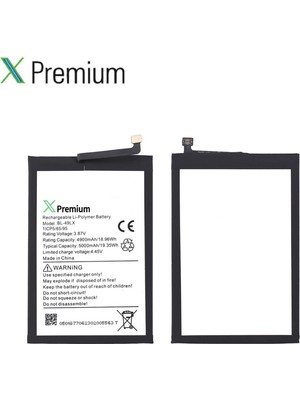 Tp Infinix Hot 20 (BL-49LX) Batarya Xpremium – 5000 Mah Süper Yüksek Kapasiteli Güçlendirilmiş Pil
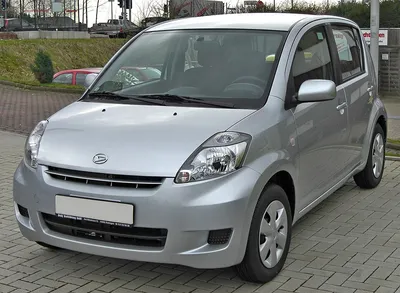 Toyota Passo (M300/AC10)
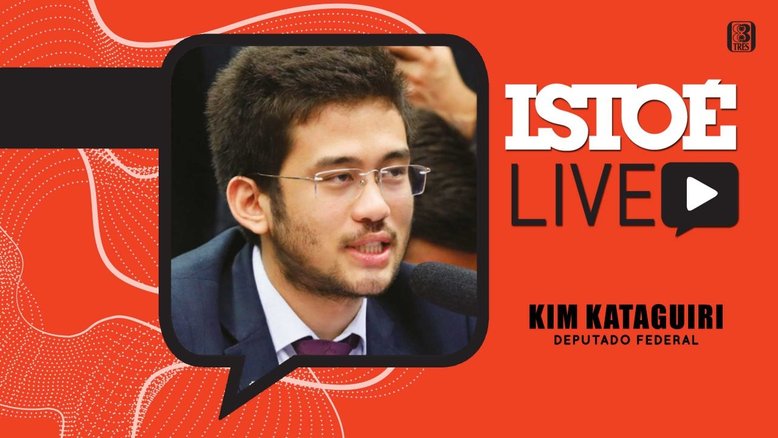 'Me arrependo de ter votado em Bolsonaro para presidente', diz Kim Kataguiri em live da IstoÉ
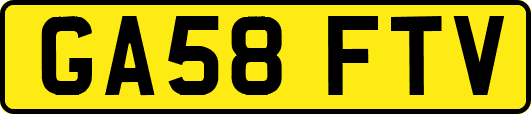 GA58FTV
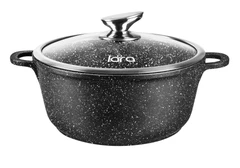 Купить Кастрюля LARA LR02-207 серия Rio, 7.3 л / Народный дискаунтер ЦЕНАЛОМ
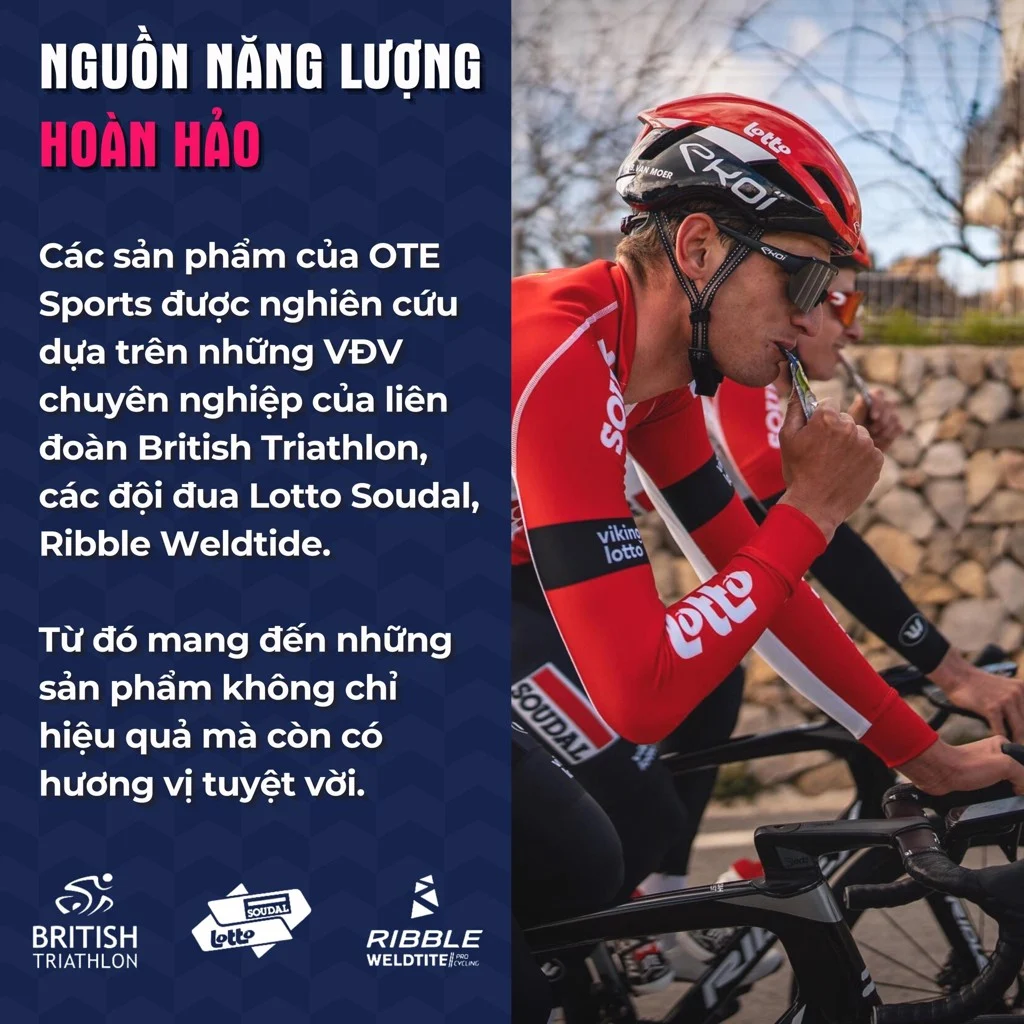 Gel năng lượng OTE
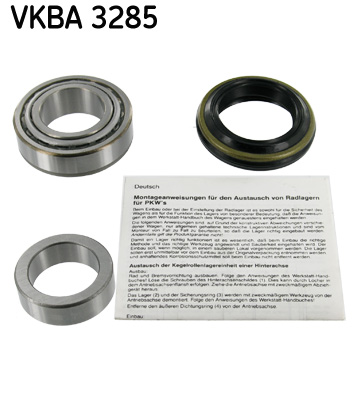 Комплект подшипника ступицы колеса SKF VKBA 3285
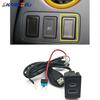 Автомобильное быстрое зарядное устройство с двойным USB-интерфейсом, розетка, адаптер питания для Suzuki SX4 Swift Vitara New Alto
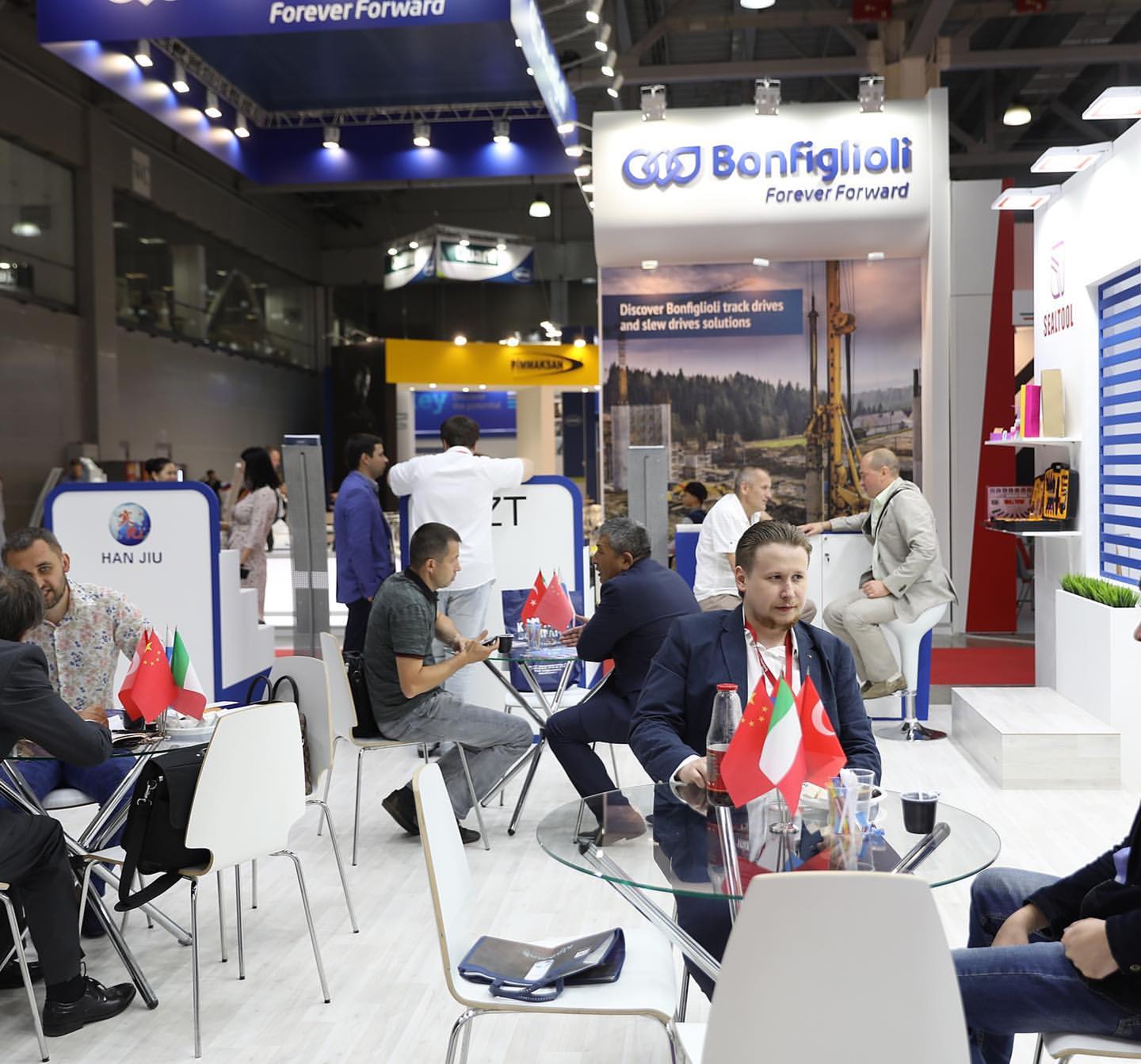 bauma CTT RUSSIA 201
********
* _GOAL OF THE EXERCISE_:
In the entries above, find the line that contains "Gel năng lượng OTE", then repeat exactly every line from the first one through that line, with no pictures.

* _ANSWER BOX_:
 Tp Infinix Hot 20 (BL-49LX) Batarya Xpremium – 5000 Mah Süper Yüksek Kapasiteli Güçlendirilmiş Pil
 Toyota Passo (M300/AC10)
 'Me arrependo de ter votado em Bolsonaro para presidente', diz Kim Kataguiri em live da IstoÉ
 GA58FTV
 Купить Кастрюля LARA LR02-207 серия Rio, 7.3 л / Народный дискаунтер ЦЕНАЛОМ
 Gel năng lượng OTE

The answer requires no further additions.